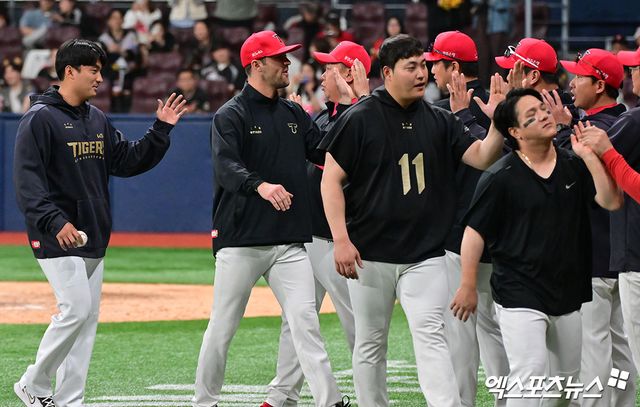 6일 오후 서울 구로구 고척스카이돔에서 열린 '2025 신한 SOL Bank KBO리그' KIA 타이거즈와 키움 히어로즈의 경기, KIA가 김규성의 결승타에 힘입어 키움에 5:3으로 승리하며 위닝시리즈를 확보했다. 이날 경기에서 승리한 KIA 이범호 감독이 선수들과 하이파이브를 하고 있다. 고척, 김한준 기자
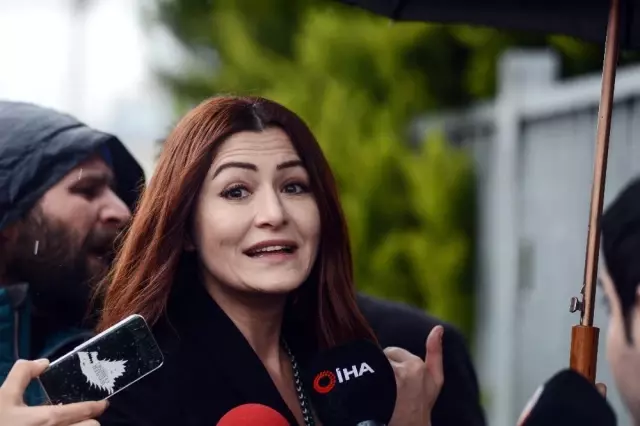 Oyuncu Deniz Çakır'ın Hakim Karşısına Çıkacağı Tarih Belli Oldu Oyuncu Deniz Çakır'ın Hakim Karşısına Çıkacağı Tarih Belli Oldu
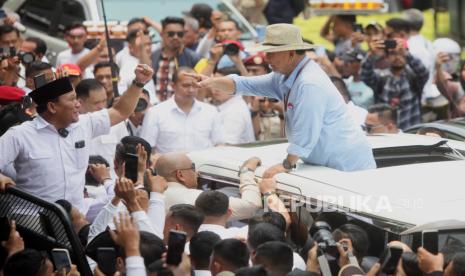 Bacapres Prabowo Subianto menyapa pendukung saat pawai di depan Gedung KPU RI, Jakarta, Rabu (25/10/2023). Pasangan bakal capres dan bakal cawapres yang diusung Koalisi Indonesia Maju tersebut mendaftarkan diri mereka sebagai peserta dalam Pilpres 2024.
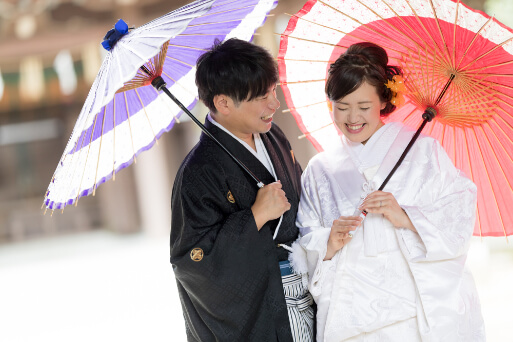 前撮りイメージ：和装 傘を持って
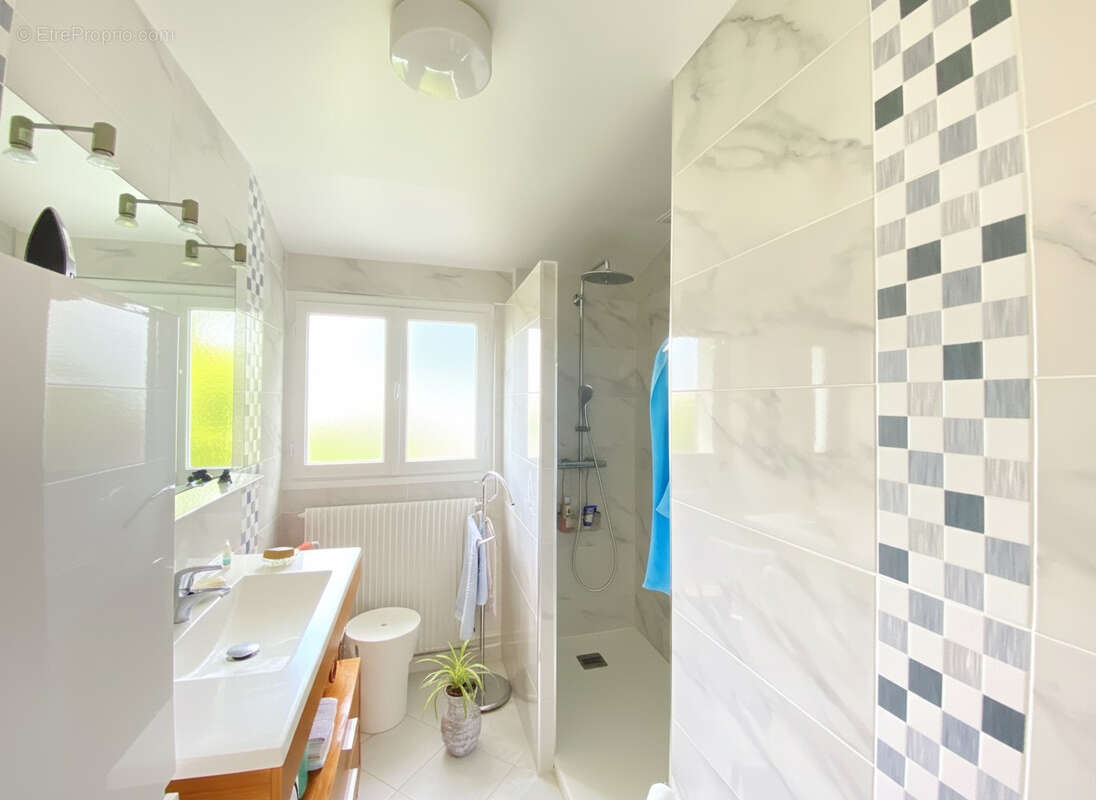 Maison à CHENNEVIERES-SUR-MARNE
============
▸ Your instructions
Could you restate the entries word for word, skipping any pictures?

▸ Response to the exercise
 6일 오후 서울 구로구 고척스카이돔에서 열린 '2025 신한 SOL Bank KBO리그' KIA 타이거즈와 키움 히어로즈의 경기, KIA가 김규성의 결승타에 힘입어 키움에 5:3으로 승리하며 위닝시리즈를 확보했다. 이날 경기에서 승리한 KIA 이범호 감독이 선수들과 하이파이브를 하고 있다. 고척, 김한준 기자
 Oyuncu Deniz Çakır'ın Hakim Karşısına Çıkacağı Tarih Belli Oldu Oyuncu Deniz Çakır'ın Hakim Karşısına Çıkacağı Tarih Belli Oldu
 Bacapres Prabowo Subianto menyapa pendukung saat pawai di depan Gedung KPU RI, Jakarta, Rabu (25/10/2023). Pasangan bakal capres dan bakal cawapres yang diusung Koalisi Indonesia Maju tersebut mendaftarkan diri mereka sebagai peserta dalam Pilpres 2024.
 前撮りイメージ：和装 傘を持って
 Maison à CHENNEVIERES-SUR-MARNE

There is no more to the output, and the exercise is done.